Another relevant issue environmental DNA raises is the limitation of anonymizing this data. First of all, the distinction between identifiable and ‘de-identified’ human genetic data becomes increasingly blurred, because ‘de-identified’ genetic data can relatively easily be re-identified (Ram, 2023). In online big data, this distinction between ‘anonymous’ and ‘personal’ data has also been challenged, because anonymous digital data can similarly be re-identified through other data. Moreover, the identifiability of digital data can change over time due to novel technological developments (Wachter & Mittelstadt, 2019). The same is true for data derived from environmental DNA: it is not clear how the quantity and quality of collecting, processing, and analysing data from environmental DNA will develop in the future.

Yet, even if we would find some way to ‘anonymize’ data from environmental DNA, there remains still a more fundamental problem. This problem has also been addressed in the online data ethics literature, namely that even with anonymised data, groups of individuals can still be identified and targeted (Floridi, 2014). For that reason, it has been argued within the context of online big data, that the distinction between ‘anonymous’ and ‘personal’ data is outdated (Mühlhoff, 2023). Yet, the EU General Data Protection Regulation (GDPR) does not regulate anonymized data (Wachter, 2019).

Also, in terms of governance, it is unlikely that isolated national governance will be very effective when it comes to environmental DNA. First, environmental DNA can travel for very long distances, even across borders. Second, genetic relations do not stop at countries’ borders. Therefore, probably we will need some kind of collective, transnational governance for environmental DNA (just as the European Commission has recognized the need for collective governance in their recent efforts to regulate Big Tech).

In sum, we leave genetic traces everywhere just as we leave big data traces everywhere. When it comes to human environmental DNA, insights from online digital data protection debates could be helpful, in particular to articulate issues around the fact that when human environmental DNA is captured, it is not only about the direct individual harms of the individuals from whom the DNA originated, but can also have implications for broader groups of people (such as in the case of genetic surveillance or genetic research of Indigenous populations).

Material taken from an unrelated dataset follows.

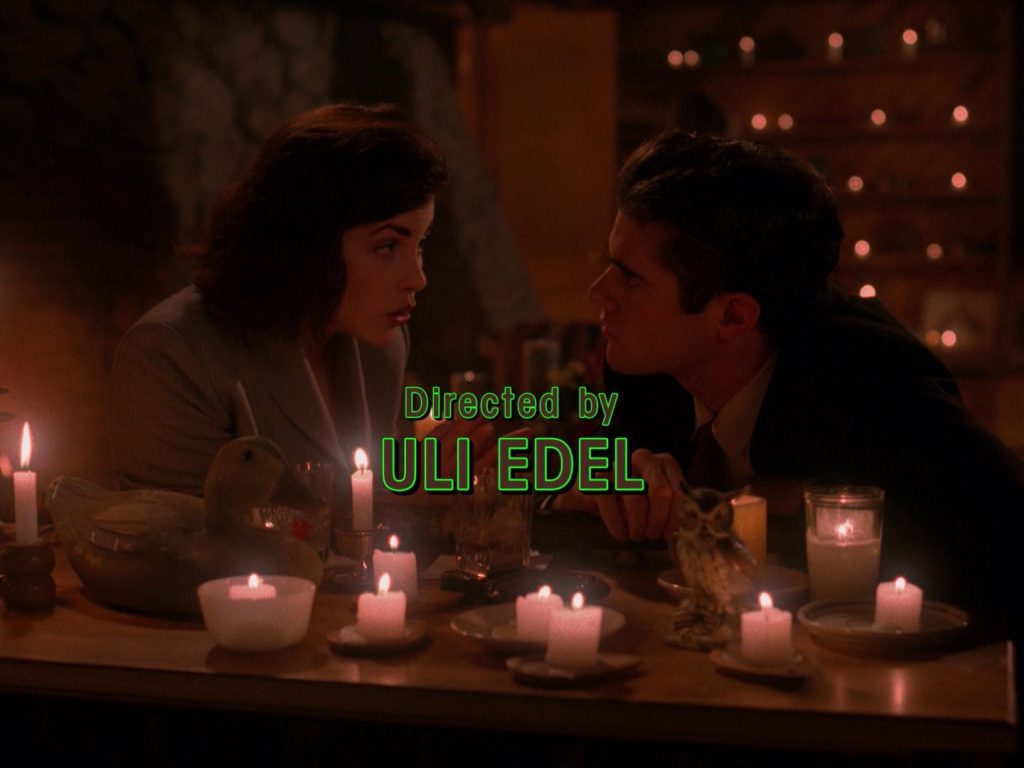 Uli Edel credit over Audrey Horne and Bobby Briggs at the Great Northern Hotel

As environmental DNA has arguably some relevant similarities with digital data, conceptualizations from the digital data debate such as group privacy and predictive privacy could be a starting point to address the complex ethical, legal, social, and political aspects that environmental DNA raises.

4 Conclusion

Our DNA floats everywhere — capturing it, therefore, potentially affects us all. I have discussed several ethical issues that human environmental DNA raises. This paper suggests that insights from online digital data protection can be a valuable starting point for ethical, legal, and policy discussion on human environmental DNA. This attempt is by no means exhaustive: it is likely that many other insights from the digital data debate, as well as other fields, could be helpful for the debate on environmental DNA. As we leave genetic traces everywhere (just as we also leave digital traces everywhere online), seeking individual control over all of that information seems not only practically hardly possible, but also ethically problematic. Therefore, we need new approaches on how best to articulate and address the challenges that novel genetic information processing techniques bring about. An interdisciplinary approach — that looks beyond individual data control — is therefore needed that can effectively deal with the complex governance issues that environmental DNA raises.